Data suggest that the S&P BSE Smallcap index has plunged by about 39 percent from its 52-week high while the S&P BSE Midcap index is down by a little over 20 percent from its peak, as of data collated on August 7.
Small and midcap stocks are in a bear market, data suggests. To add to the worries, it shows S&P BSE Sensex is almost halfway there.
According to the data collated on August 7, the S&P BSE Smallcap index has fallen about 39 percent from its 52-week high, while the S&P BSE Midcap index is down a little over 20 percent from its peak.
The S&P BSE Sensex is approximately halfway there as in the same period, it is down about 9 percent from its 52-week high of 40,312.
A bear market is a condition in which securities/stock prices fall 20 percent from their recent peak amid widespread pessimism or fear in the market. A situation analysts say we are already deeply entrenched in.
Smallcap & midcap stocks continued to be under pressure even when benchmark indices were hitting record highs two months ago. It was about time, benchmark indices would catch up to the broader market, largely weighed down by expensive valuations, budget proposals, selling by foreign investors, muted results, and trade war concerns.
"The broader market is in a bear grip it is just that few heavyweights/blue-chips and Index that are performing,” Mustafa Nadeem, CEO, Epic Research told Moneycontrol.
“We have seen index management and concentrated stocks that are performing well but Auto, Smallcap, Midcap, and other few spaces are not doing that well. Smallcap and Midcap have been in a downtrend and it's been more than a year,” he said.
The S&P BSE Smallcap index constitutes of 747 stocks, of which, 653 are currently trading more than 20 percent below their 52-week highs. These include Cox & Kings, Eros International, DHFL, Ashapura Intimates, Punj Lloyd, Reliance Naval, Kwality, Repro India, Granules India, among others.
In the S&P BSE 500 index, as many as 351 companies out of 500 have dropped more than 20 percent from their respective peaks. These include Reliance Communications, Reliance Capital, Shankara Building, HEG, Jaiprakash Associates, YES Bank, Indiabulls Ventures, Graphite India, CARE Ratings, among others.

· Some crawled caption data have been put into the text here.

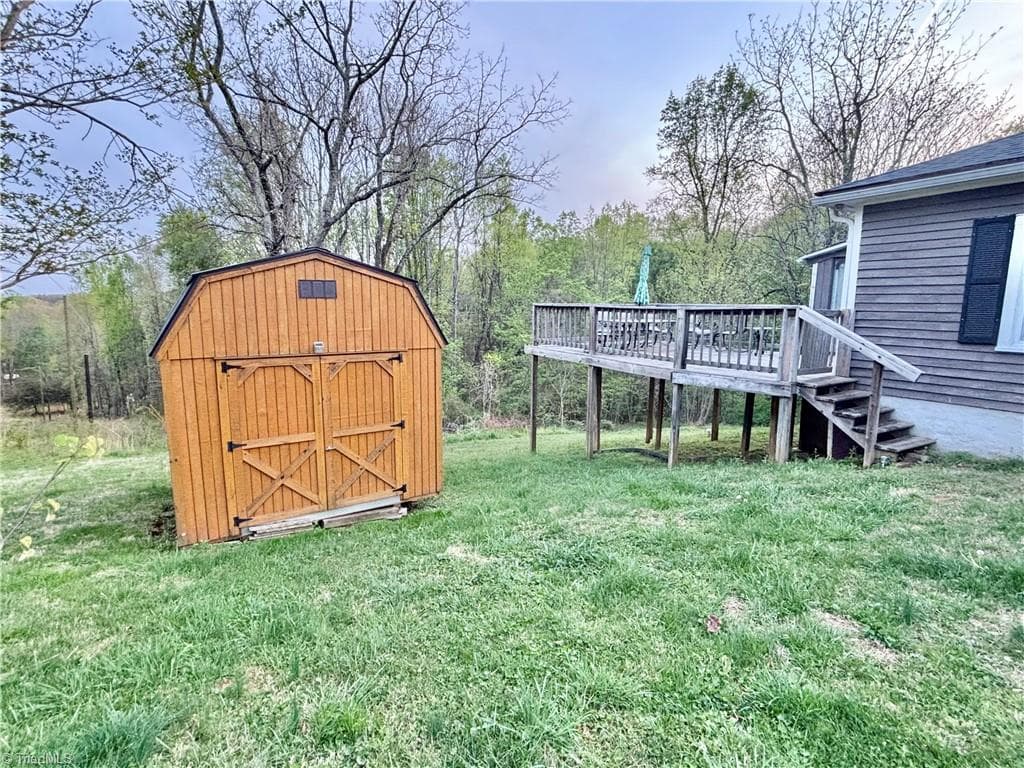 Stick/Site Built at 1072 Grassy Knob Road, Pilot Mountain NC 27041, photo 19 of 19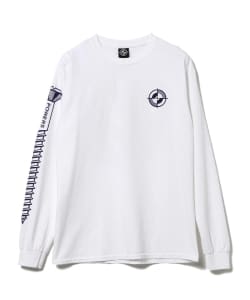 ￥POWERS / REGISTRATION SCREW LongSleeve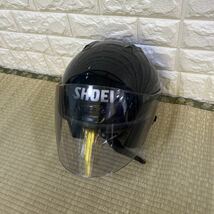 SHOEI ショウエイ J-FORCE ジェットヘルメット Mサイズ ( 57-58cm)_画像1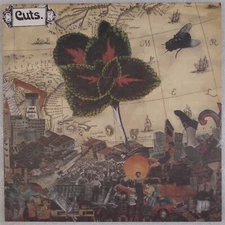 THE CUTS: Self Titled US 2001 Rocknroll Blitzkrieg Garage Punk Rock LP NM Vinyl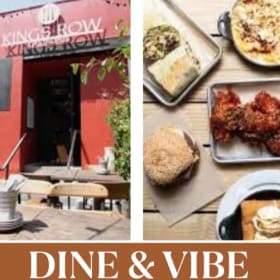 $100 GC to Kings Row Gastropub item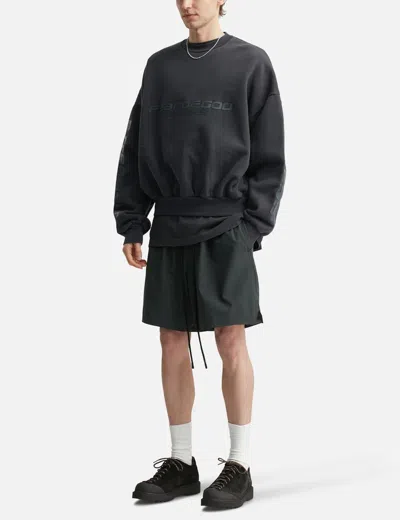 Essentials Tech Nylon Classic Short In Gray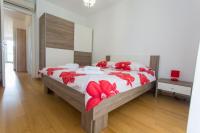 Posteľ alebo postele v izbe v ubytovaní ARIJANA APARTMAN free private garage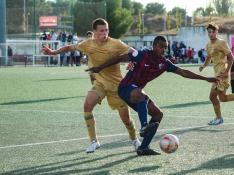 Fútbol División de Honor Juvenil: Huesca-Barcelona.
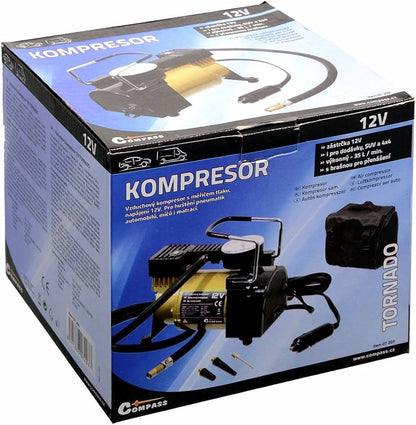 Tornado Compressor 12 V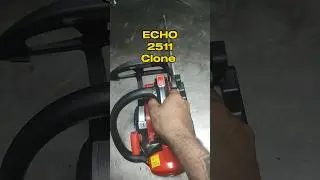 ECHO 2511 clone at the first #echochainsaw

Here is a list of top 20 stocks (out of 653) which are down more than 20 percent from their respective peak:
Smallcap & Midcap stocks have seen a consistent decline in the last 18 months. Most of the carnage can be attributed to muted earnings of most of these companies which are trading at higher multiples.
The Indian economy has also slowed down which usually does not auger well for smallcap & midcap companies, suggest experts. From a portfolio perspective, the return potential would be substantial for someone who decides to stick with smallcaps, although they must take the risk factor into account.
“The underperformance amongst broader markets is mainly a result of weak domestic sentiments and muted earnings announcements for Q1FY20,” Ajit Mishra, Vice President (Research), Religare Broking told Moneycontrol. Investing prudently in a phased manner is the key if one wishes to take advantage of correction, he added.
If investors have a moderate risk profile, they should stay with largecaps or select midcap stocks, from a portfolio standpoint. This is an important time to review asset allocation, ensure alignment with risk appetite, and build a portfolio of non-correlated investment streams that position portfolios for multiple outcomes, suggest experts.
“Small and mid-cap companies have been pummeled for 18 months, but we would still be unable to say that valuations appear compelling. Our bottom-up computation puts the larger CNX 500 valuation at 25.6 times trailing earnings. Forward earnings will need to be ratcheted down yet again in the fourth quarter,” Sunil Sharma, Chief Investment Officer, Sanctum Wealth Management said.
“From a cap perspective, mid and small continue to get hammered. The recent calls we are witnessing to buy mid and small have been loud, and wrong. Midcap and smallcap stocks have underperformed even in the past month. There is no particular necessity to catch that falling knife early. We remain comfortable with quality largecaps,” he said.
He further added that the biggest mistake investors make at these times is to shed quality companies. We end by pointing out that investment behaviour is likely to be far more critical than investment performance in the coming days.